This is the mail archive of the
gcc-patches@gcc.gnu.org
mailing list for the GCC project.
Re: rfc and [autovect patch] supporting reduction patterns
- From: Dorit Naishlos <DORIT at il dot ibm dot com>
- To: Richard Henderson <rth at redhat dot com>
- Cc: gcc-patches at gcc dot gnu dot org
- Date: Thu, 21 Apr 2005 01:39:55 +0300
- Subject: Re: rfc and [autovect patch] supporting reduction patterns
- Reply-to:
- Sensitivity:
> On Tue, Apr 05, 2005 at 05:37:46PM +0300, Dorit Naishlos wrote:
> > I think option 1 (generic) is suitable here because the idioms in
question
> > are general and pretty common, and this way we can avoid code
duplication
> > between different targets.
>
> What idioms, precisely? Because I don't see anything of the kind for
> any of the Intel architectures.

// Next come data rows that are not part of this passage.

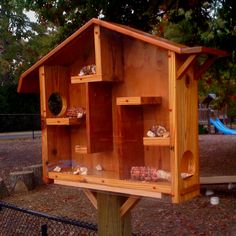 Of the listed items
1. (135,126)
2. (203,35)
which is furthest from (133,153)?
(203,35)

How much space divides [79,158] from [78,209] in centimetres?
338

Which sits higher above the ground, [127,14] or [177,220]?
[127,14]

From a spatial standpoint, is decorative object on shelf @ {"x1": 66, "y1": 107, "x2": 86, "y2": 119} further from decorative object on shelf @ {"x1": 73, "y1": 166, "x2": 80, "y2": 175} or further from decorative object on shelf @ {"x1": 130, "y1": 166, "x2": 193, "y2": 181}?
decorative object on shelf @ {"x1": 130, "y1": 166, "x2": 193, "y2": 181}

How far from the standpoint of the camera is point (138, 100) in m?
2.35

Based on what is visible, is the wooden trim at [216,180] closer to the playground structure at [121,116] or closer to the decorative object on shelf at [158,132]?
the playground structure at [121,116]

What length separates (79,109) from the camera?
2799 mm

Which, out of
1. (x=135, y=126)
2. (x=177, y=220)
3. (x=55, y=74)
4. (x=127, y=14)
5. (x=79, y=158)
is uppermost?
(x=127, y=14)

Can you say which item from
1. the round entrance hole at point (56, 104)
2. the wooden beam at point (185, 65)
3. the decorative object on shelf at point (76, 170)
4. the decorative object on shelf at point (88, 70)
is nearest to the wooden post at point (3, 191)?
the round entrance hole at point (56, 104)

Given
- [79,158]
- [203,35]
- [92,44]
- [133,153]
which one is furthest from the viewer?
[203,35]

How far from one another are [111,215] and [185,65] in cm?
103

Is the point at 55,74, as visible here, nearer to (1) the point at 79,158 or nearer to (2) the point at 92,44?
(2) the point at 92,44

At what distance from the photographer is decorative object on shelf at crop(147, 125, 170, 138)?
2318 mm

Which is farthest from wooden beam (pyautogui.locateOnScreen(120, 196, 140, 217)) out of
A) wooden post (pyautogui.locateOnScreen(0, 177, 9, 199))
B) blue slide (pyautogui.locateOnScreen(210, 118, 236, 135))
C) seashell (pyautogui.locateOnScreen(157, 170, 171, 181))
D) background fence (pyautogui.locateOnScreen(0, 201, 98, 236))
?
blue slide (pyautogui.locateOnScreen(210, 118, 236, 135))

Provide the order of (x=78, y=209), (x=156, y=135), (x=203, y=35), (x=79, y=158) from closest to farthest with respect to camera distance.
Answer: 1. (x=156, y=135)
2. (x=79, y=158)
3. (x=78, y=209)
4. (x=203, y=35) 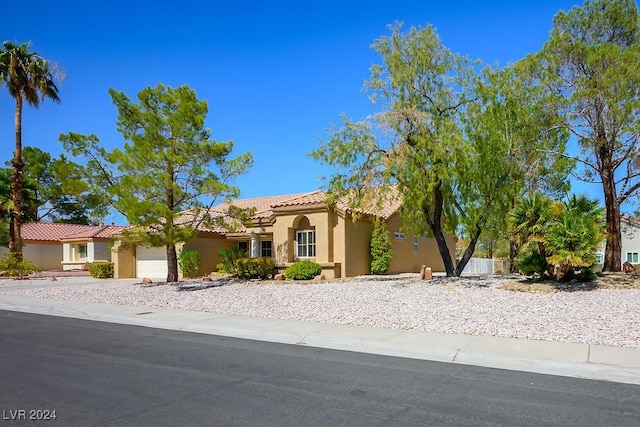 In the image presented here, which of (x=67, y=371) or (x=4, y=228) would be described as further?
(x=4, y=228)

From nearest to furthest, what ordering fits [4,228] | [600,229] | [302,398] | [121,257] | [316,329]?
1. [302,398]
2. [316,329]
3. [600,229]
4. [121,257]
5. [4,228]

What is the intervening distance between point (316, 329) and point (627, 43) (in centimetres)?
1573

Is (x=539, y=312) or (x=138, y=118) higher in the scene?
(x=138, y=118)

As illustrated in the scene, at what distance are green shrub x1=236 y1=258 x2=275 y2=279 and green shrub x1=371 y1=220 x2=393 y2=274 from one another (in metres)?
5.09

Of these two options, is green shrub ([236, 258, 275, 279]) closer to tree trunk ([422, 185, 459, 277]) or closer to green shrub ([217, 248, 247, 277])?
green shrub ([217, 248, 247, 277])

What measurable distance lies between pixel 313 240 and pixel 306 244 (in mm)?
425

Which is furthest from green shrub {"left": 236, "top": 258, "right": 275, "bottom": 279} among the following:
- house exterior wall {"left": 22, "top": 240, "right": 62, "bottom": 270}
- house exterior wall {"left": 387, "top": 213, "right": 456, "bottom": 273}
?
A: house exterior wall {"left": 22, "top": 240, "right": 62, "bottom": 270}

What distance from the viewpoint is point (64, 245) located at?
39.9m

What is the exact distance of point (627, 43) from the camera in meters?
19.0

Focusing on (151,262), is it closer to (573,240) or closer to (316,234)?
(316,234)

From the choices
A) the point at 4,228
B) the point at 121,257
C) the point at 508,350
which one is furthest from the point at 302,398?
the point at 4,228

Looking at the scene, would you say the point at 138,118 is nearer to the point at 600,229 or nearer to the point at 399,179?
the point at 399,179

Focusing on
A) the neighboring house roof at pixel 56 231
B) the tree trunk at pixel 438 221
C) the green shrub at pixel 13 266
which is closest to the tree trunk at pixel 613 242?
the tree trunk at pixel 438 221

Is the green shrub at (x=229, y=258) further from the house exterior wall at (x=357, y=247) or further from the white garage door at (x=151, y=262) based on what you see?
the house exterior wall at (x=357, y=247) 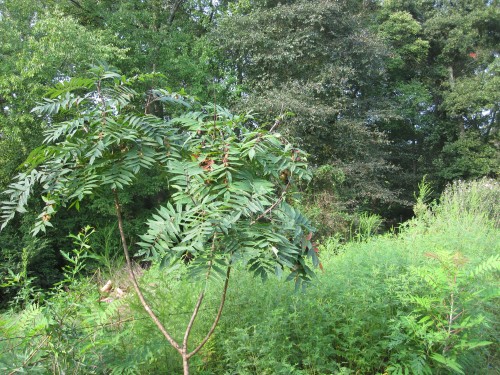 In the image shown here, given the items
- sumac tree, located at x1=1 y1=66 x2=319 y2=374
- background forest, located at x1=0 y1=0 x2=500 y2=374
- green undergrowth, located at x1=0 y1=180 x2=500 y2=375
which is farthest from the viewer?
background forest, located at x1=0 y1=0 x2=500 y2=374

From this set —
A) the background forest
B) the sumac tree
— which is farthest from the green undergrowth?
the sumac tree

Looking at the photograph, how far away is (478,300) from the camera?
256 cm

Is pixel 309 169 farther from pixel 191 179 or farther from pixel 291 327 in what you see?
pixel 291 327

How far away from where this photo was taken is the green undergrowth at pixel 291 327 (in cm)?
192

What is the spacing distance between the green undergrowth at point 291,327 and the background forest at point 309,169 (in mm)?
17

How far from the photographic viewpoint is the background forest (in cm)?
216

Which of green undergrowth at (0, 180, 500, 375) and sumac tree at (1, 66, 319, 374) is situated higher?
sumac tree at (1, 66, 319, 374)

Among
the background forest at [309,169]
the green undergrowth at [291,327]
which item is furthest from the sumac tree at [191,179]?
the green undergrowth at [291,327]

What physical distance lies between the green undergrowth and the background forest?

Before I accept the assertion that
> they are "pretty common" I would like to know that they actually ocurr
> on more than just Altivec.
Sure - the idioms I'm talking about are average, dot-product, sum of
absolute differences - all of which are supported by MMX/SSE (pavgb/pavgw,
pmaddw, psadbw) and generated by the icc compiler (also using idiom
recognition).
>
> > If we go with option 1 (generic), there are still a couple of
alternatives
> > for how to define the semantics of the new optabs:
> >
> > - option 1.1: the type-size of the reduction variable (which is also
the
> > result of the computation) is exactly double the type-size of the
reduction
> > arguments. i.e, we can express summation of QI into HI, but we can't
> > express summation of QI into SI. We can solve this by either
introducing an
> > additional tree-code&optab for "wider_widen_sum" (for which the
type-size
> > of the reduction variable is 4 times the type-size of the other
arguments),
> > or, leave the wider reduction forms for target specific builtins.
> >
> > - option 1.2: the type of the reduction variable is always X (some
default
> > predefined by each target). e.g., always sum into 32bit accumulators
(if
> > the target defines X to be 32). This may not be suitable for targets
that
> > have multiple accumulation sizes, however, one could often support the
> > smaller-sized accumulations by truncating the final result produced by
> > wider-sized accumulations, so this could potentially suffice to cover
all
> > reduction forms a target supports. If not, then we could resort to
target
> > specific builtins for the cases we can't express with these optabs.
>
> I am aware of some targets that have, e.g. 40 bit accumulators. But
> these are scalars, not vectors, and so don't really apply in your case.
>
I'm talking about operations like intel's psadbw which operates on 8bit
elements producing a 16bit result, or pmaddw which operates on 32bit
elements producing 64bit results. These are examples of what I was
referring to as "widening reduction" forms. In these cases the size of the
result (which I was also referring to as the "accumulator" or the
"reduction variable") is exactly double the size of the reduction arguments
(e.g. 8bit to 16bit), but this is not the case always. You may have support
for widening-reduction that operates on 8bit elements and produces 32bit
results, e.g. Altivec's vmsumubm which sums products of 8bit elements into
32bit results. It seems like option 1.1 above is more suitable for MMX/SSE,
whereas option 1.2 is more suitable for Altivec: Altivec seems to always
widen/sum into 32bit (whether the data is 8bit or 16bit). SSE/MMX seems to
usually widen into double the size of the data - e.g. psadw (8bit to
16bit), pmadw (32bit to 64bit) (this is by the way what I meant by "targets
that have multiple accumulation sizes" - targets, like intel, in which
different summation-like operations widen into different type-sizes. I
realize now how unclear this phrasing was).
thanks
dorit
>
> r~